Daha önce bir süre Çakırcalı Mehmet Efe'ye kızanlık eden Gökçen Efe, Kurtuluş Savaşı yıllarında hemşerisi Halil Efe ile halkı örgütleyerek, çete kuvvetleri oluşturuyor. Başlangıçta, arkadaşlarıyla birlikte Demirci Mehmet Efe'ye katılıyor. Demirci Efe'den 100 dolayında silah alarak, arkadaşlarını silahlandırıyor. Tire köylerinden katılanlarla, bu sayıyı daha da çoğaltarak mücadeleye başlıyorlar.
Yunan işgal kuvvetleri komutanı, Gökçen Efe'yi dağdan inmeye razı etmek için çeşitli girişimlerde bulunuyorsa da başarılı olamıyor. Sözgelişi başka türlü ikna edemeyince, kellesini getirenlere para vaadediyor. Fakat o da sökmüyor.

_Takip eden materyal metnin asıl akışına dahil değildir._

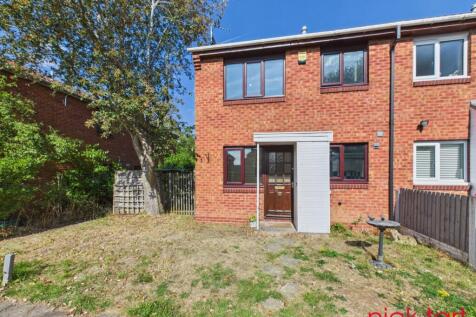1 Bedroom Terraced in WV6 7XQ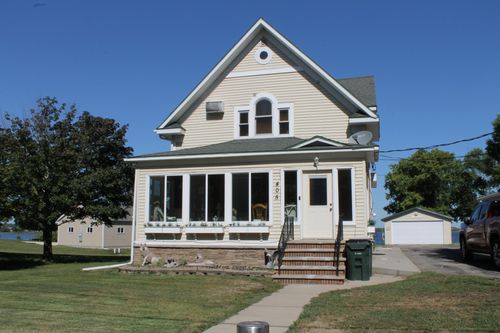 405 E Lake St, Osakis, MN, 56360-8268 | Card Image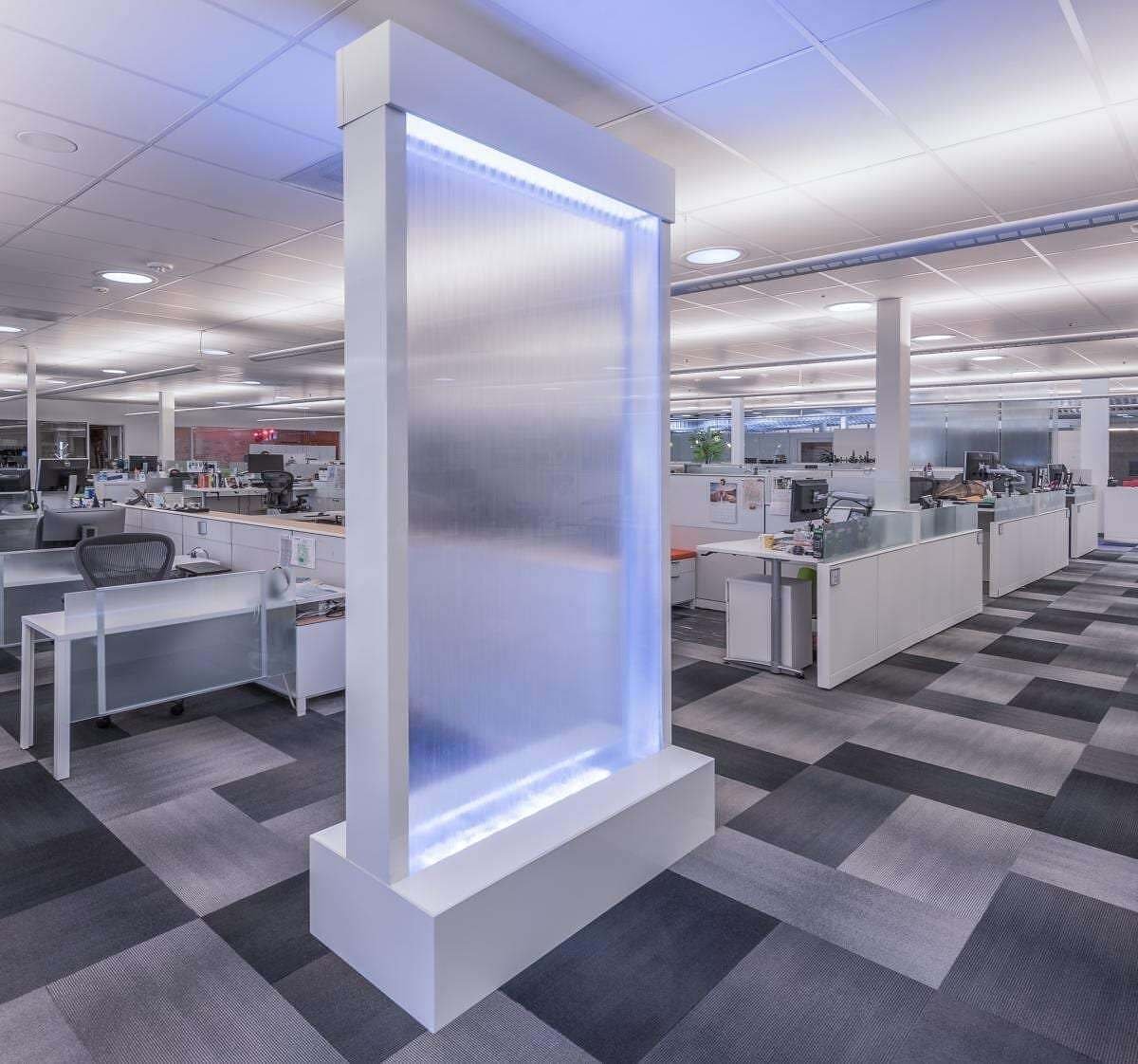 Everything You Need To Know About Indoor Water Walls For Businesses 2 Enclosed Water Wall in Office California1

Gökçen Efe arkadaşlarıyla birlikte Yunanlılar'ın sınır karakollarıyla Fata köyündeki merkez karakoluna baskınlar düzenliyor. Fata karakolundaki baskın sırasında şiddetli çarpışmalar oluyor. Karakol ateşe veriliyor, içindeki cephanelik yüzünden karakol havaya uçuyor.

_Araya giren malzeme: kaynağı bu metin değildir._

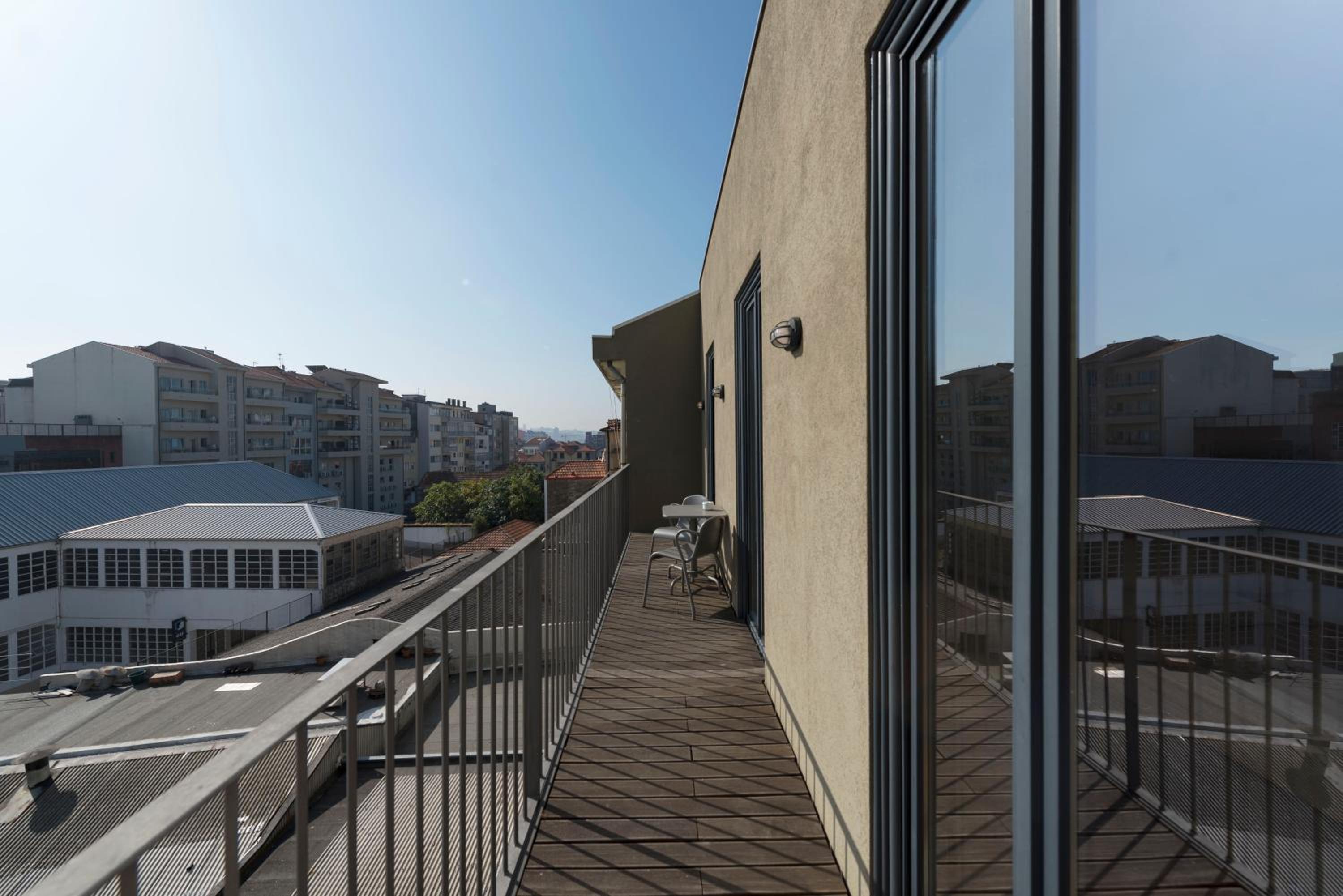 Two-Bedroom Apartment - Photo 10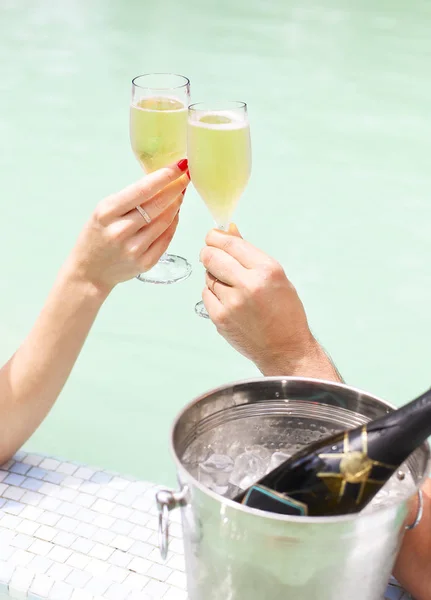 Casal com champanhe na piscina — Fotografia de Stock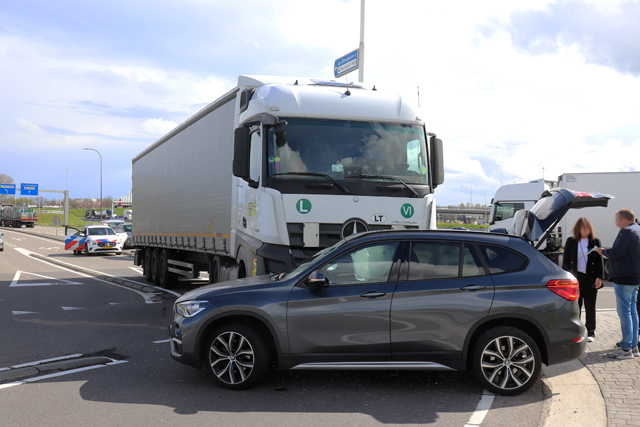 Vrachtwagen botst tegen auto op rotonde aan de Biesbosweg Waalwijk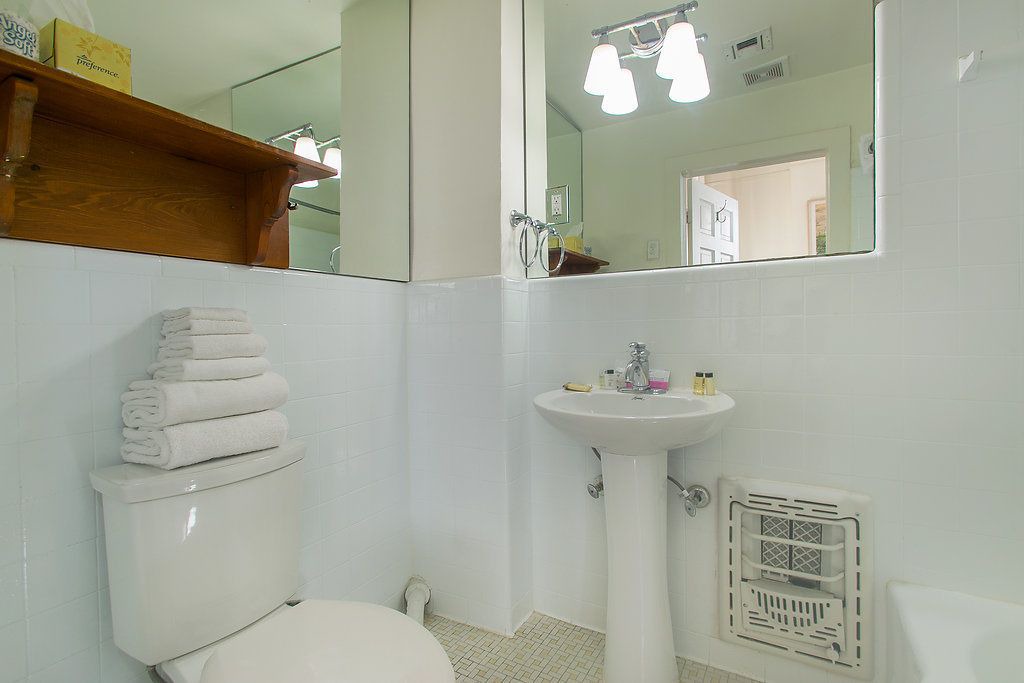 Photo of Bathroom in French Quarter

Gökçen Efe ve arkadaşları, bu baskından sonra yöredeki Yunanlılar'a göz açtırmıyorlar. Fakat bu arada Gökçen Efe ağır hastalanıyor. Buna rağmen çarpışmalara katılmaktan geri durmuyor. Hasta haliyle katıldığı çarpışmaların birinde, 1919 senesinde, hayatını kaybediyor.
Daha sonra Cumhuriyet döneminde, Fata köyünün adı "Gökçen" olarak değiştiriliyor.

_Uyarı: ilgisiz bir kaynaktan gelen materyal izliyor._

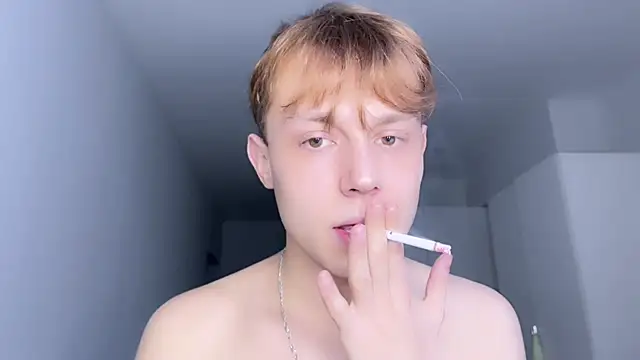 Snapshot of SlavaIsHere chatting on March 14, 4:10 am SlavaIsHere online show from March 14, 4:10 am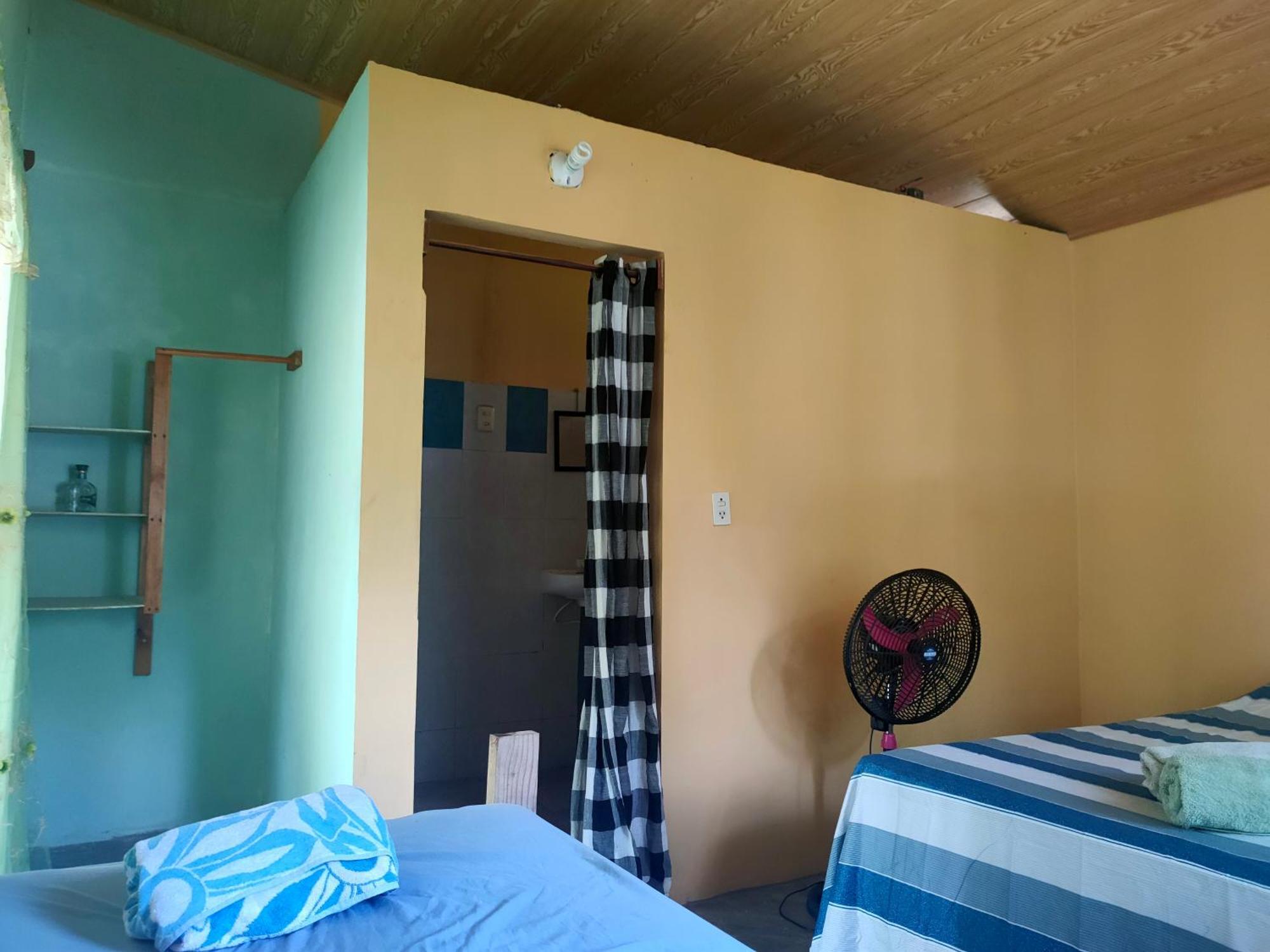 Guesthouse Island Escape South End Δωμάτιο φωτογραφία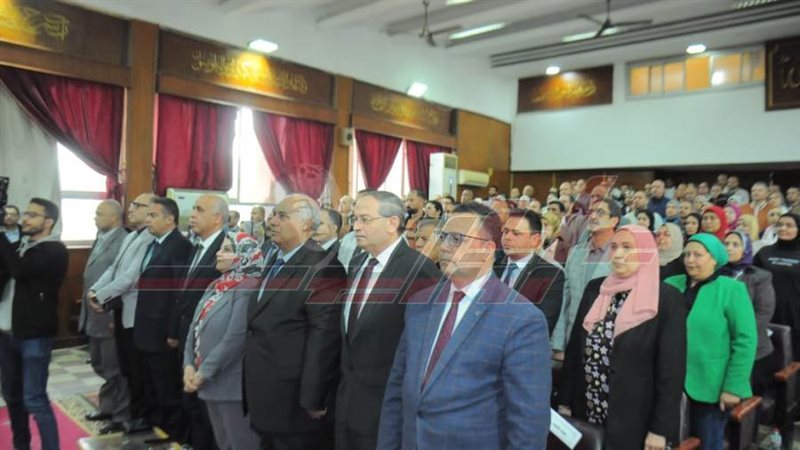 خلال الندوة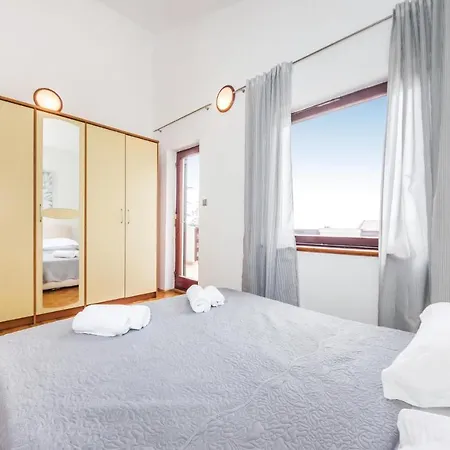 Апартаменты Two-bedroom In Svpetar Свети-Петар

Arkadaşı Hacı Halil Efe, Gökçen Efe'yi şöyle tanımlıyor:
"Gökçen Efe, Osmanlıya karşı zeybeklik yapmakla beraber, kanlı silahını yalnız düşmana çevirmiş kahraman bir Ödemiş delikanlısıdır."
Gökçen Efe'nin bir süre Çakırcalı'ya kızanlık ettiğini hatırlatan Fuat Edip Baksı, Efe ve eşkıyaların dağa çıkışını şu nedenlere bağlıyor:
1) İki tür "yolsuzluk". Birincisi, toplumsal yapıdaki "yolsuzluk" lar; ikincisi, maddi "yollar" ın yokluğu.
Baksı, bu "yolsuzluk" ların Anadolu köylülerini "ana ocağından ve yar kucağından" ayırıp dağlara sürüklediğini vurguluyor.
2) Eskiden "mukadder bir felaket" olarak görülen sonu belirsiz "askerlik" sorunu.
3) İstibdat hükümetinin haksızlıklarına uğrayanların çocuklarının hoşnutsuzlukları.
4) Devlet örgütünün aczinden yararlanıp, zalimlerden öç almayı amaçlayanlar.
5) İşledikleri türlü suçlarından, cezalarından kurtulmak için efelik hayatına atılanlar.
Baksı, eşkıyalığı söyle tanımlıyor:
"Kısaca eşkıyalık, Osmanlı idaresinin zorla yarattığı kanlı, bıçaklı bir belanın adıdır."